**Task**
When the data below is printed, every line must match exactly and the images must be absent.

**Provided records**
╔══

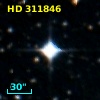 HD 311846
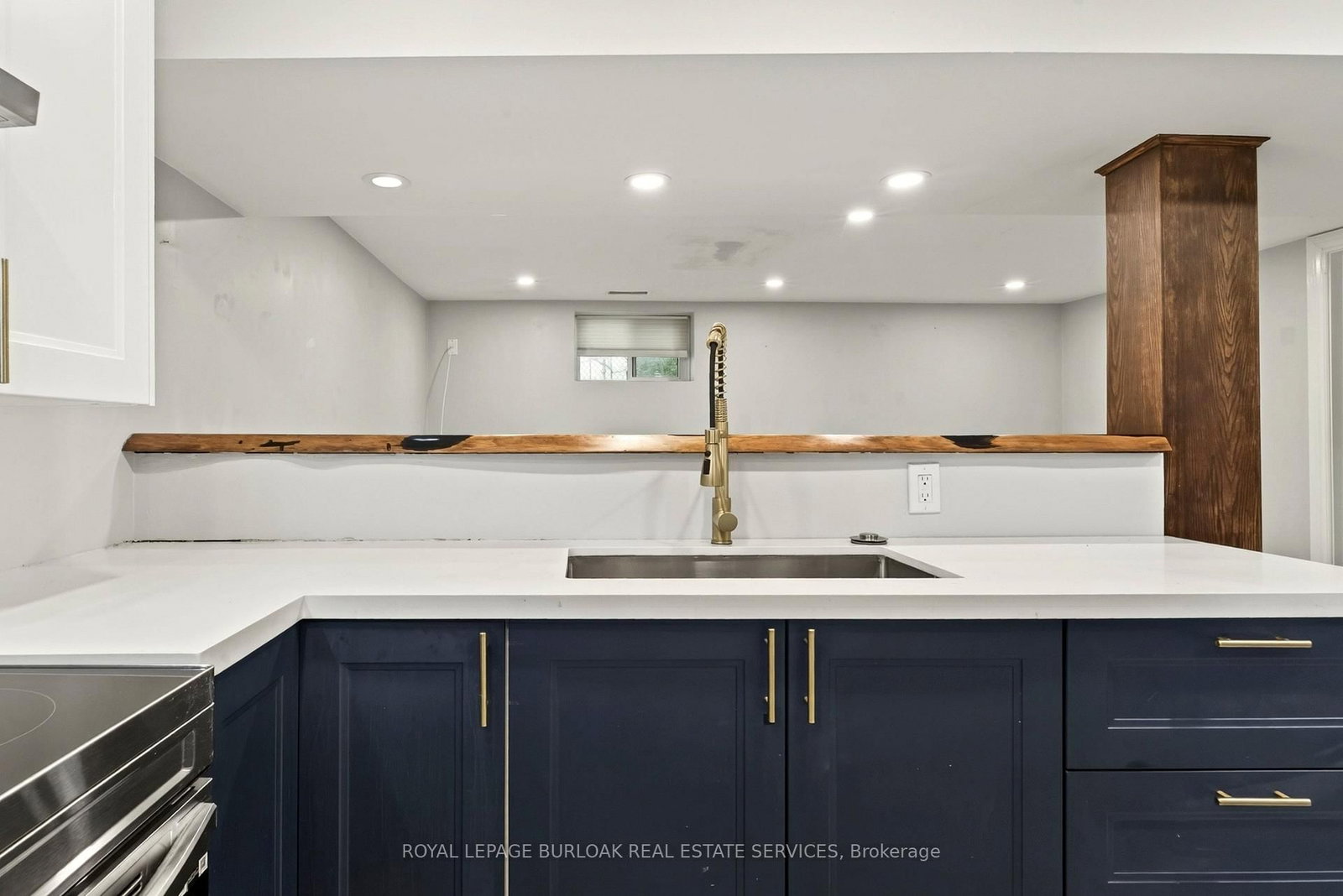 1 Mahony Avenue • Hamilton, ON photo 24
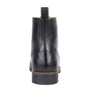 DORSET MENS SHEARLING BOOTS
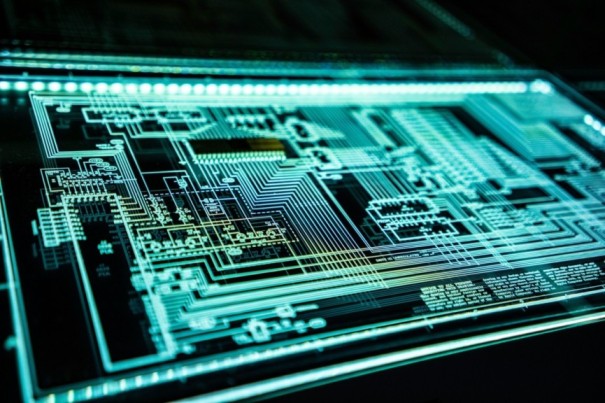 High Performance Computing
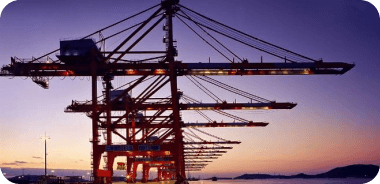 ship_main_bg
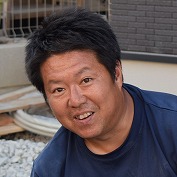 有限会社ミヤモト 有限会社ミヤモト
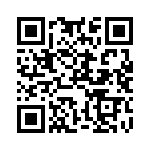 SCIHP0724-6R8M QRCode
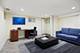 4141 Mulford, Skokie, IL 60076
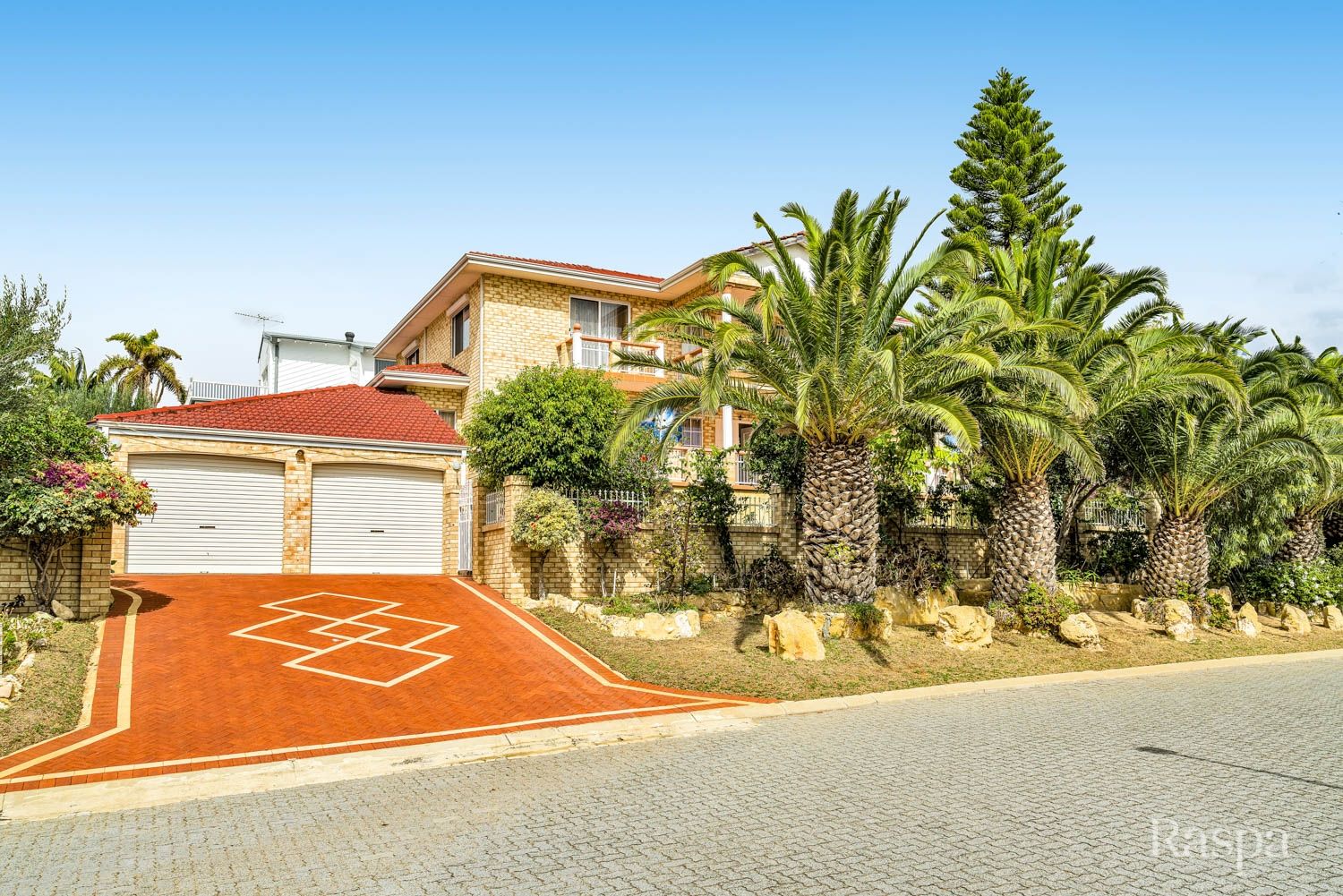 1 Hayman Court, Coogee WA 6166, Image 0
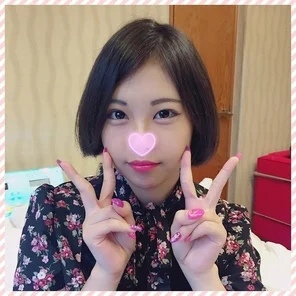 FC2-PPV-977906 [Personal shooting] Megu 20 years old G cup! - SEX-loving busty girls and vaginal cum shot!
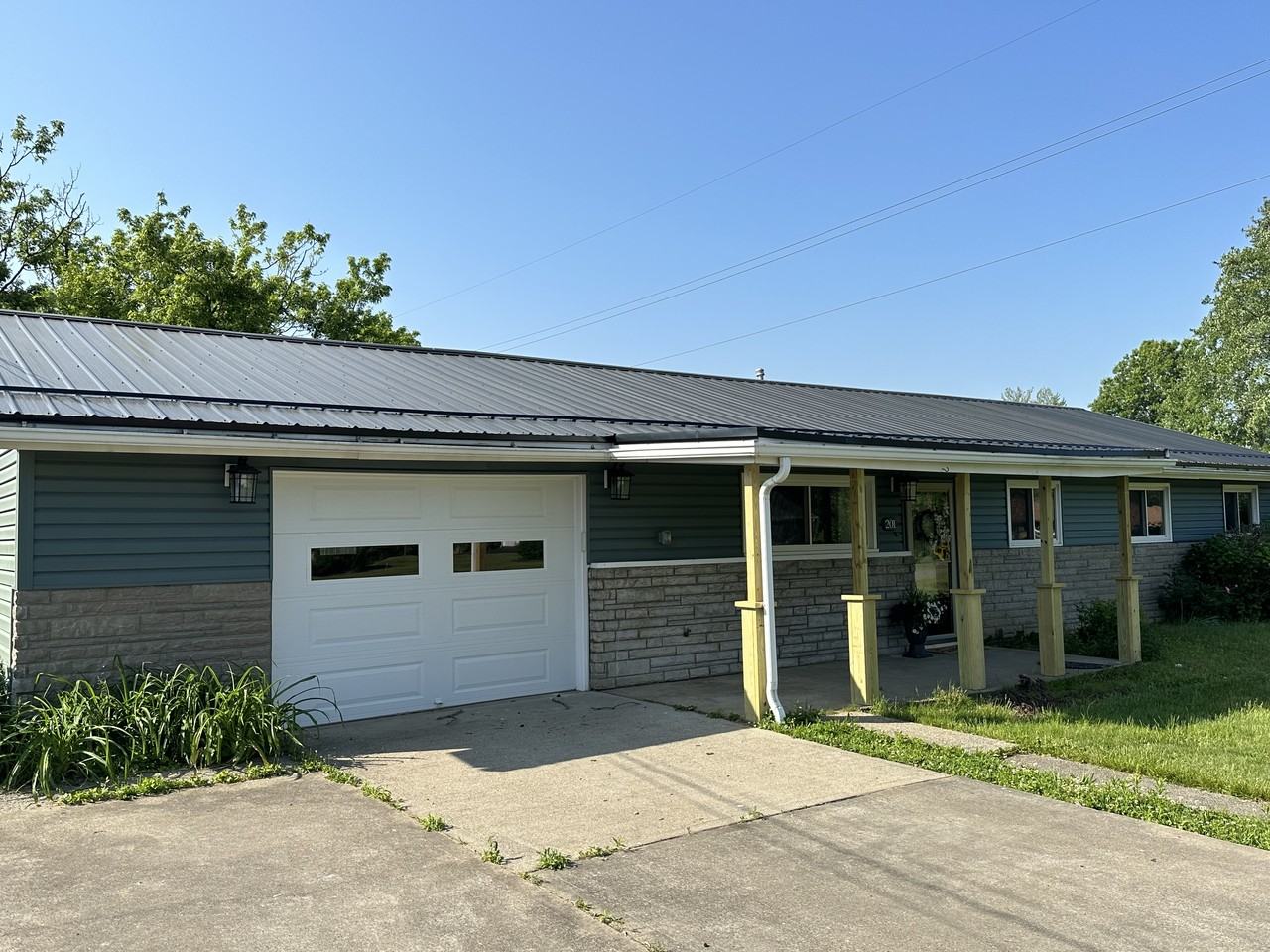 201 Sherwood Dr #NA - Photo 2 of 19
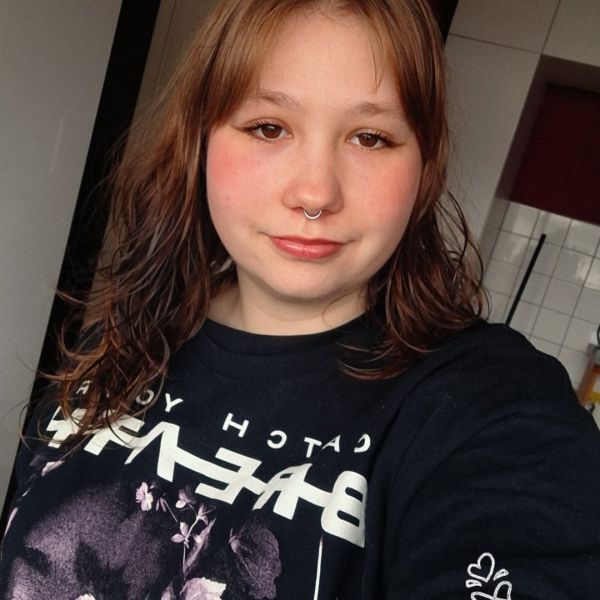 Huisdierenoppas Sylvana uit Arnhem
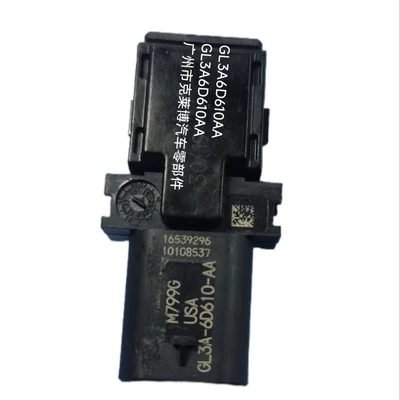 Suitable for Ford, Automotive Sensors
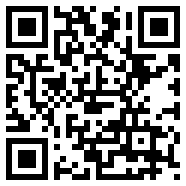 口袋情话v1.0.0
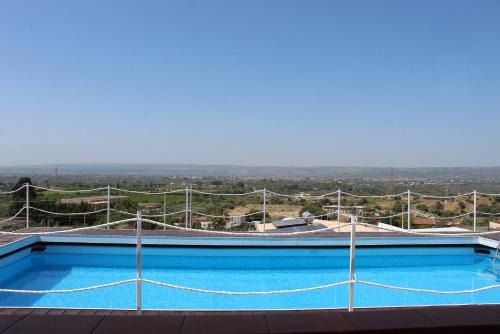 Syracuse House | Casa Vacanze Primavera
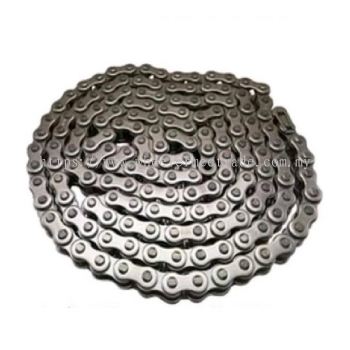 RS25 Roller Chain 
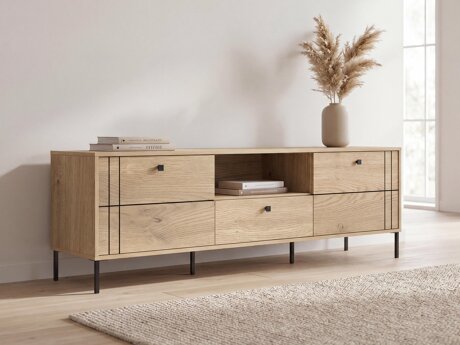 TV-taso Venleve 105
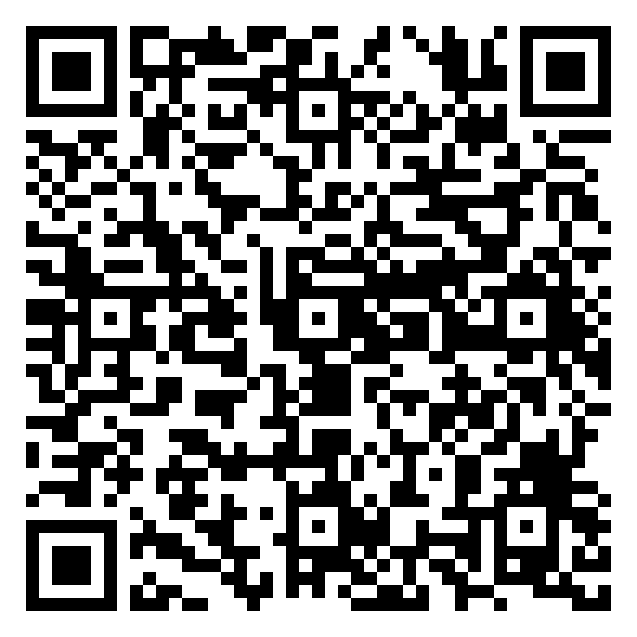 kod QR z danymi kontaktowymi 38771456700000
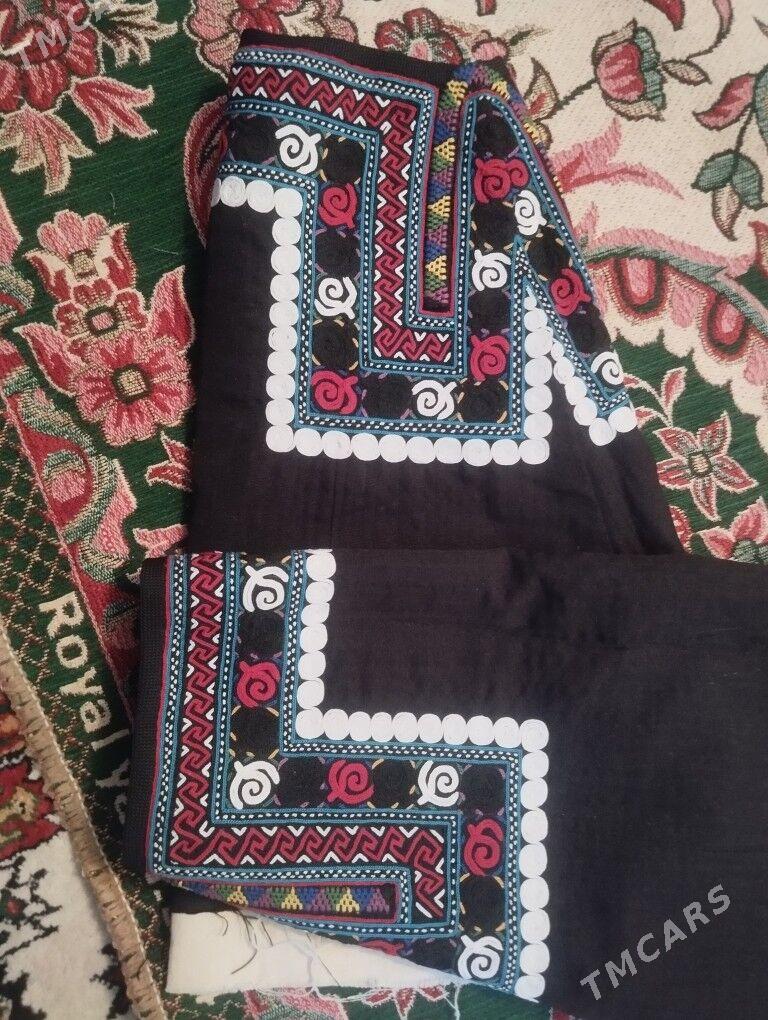 Balak - Balkanabat - img 2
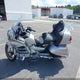 JH2SC68H0DK100064 2013 Honda Gl1800 H auction photo thumbnail 13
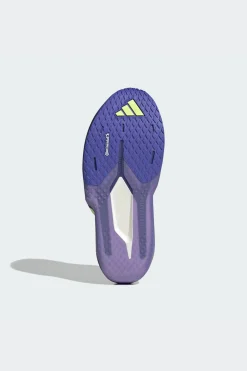 Zapatilla De Training Adizero Dropset Pro adidas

╚══

**Response to the exercise**
 HD 311846
 1 Mahony Avenue • Hamilton, ON photo 24
 DORSET MENS SHEARLING BOOTS
 High Performance Computing
 ship_main_bg
 有限会社ミヤモト 有限会社ミヤモト
 SCIHP0724-6R8M QRCode
 4141 Mulford, Skokie, IL 60076
 1 Hayman Court, Coogee WA 6166, Image 0
 FC2-PPV-977906 [Personal shooting] Megu 20 years old G cup! - SEX-loving busty girls and vaginal cum shot!
 201 Sherwood Dr #NA - Photo 2 of 19
 Huisdierenoppas Sylvana uit Arnhem
 Suitable for Ford, Automotive Sensors
 口袋情话v1.0.0
 Syracuse House | Casa Vacanze Primavera
 RS25 Roller Chain 
 TV-taso Venleve 105
 kod QR z danymi kontaktowymi 38771456700000
 Balak - Balkanabat - img 2
 JH2SC68H0DK100064 2013 Honda Gl1800 H auction photo thumbnail 13
 Zapatilla De Training Adizero Dropset Pro adidas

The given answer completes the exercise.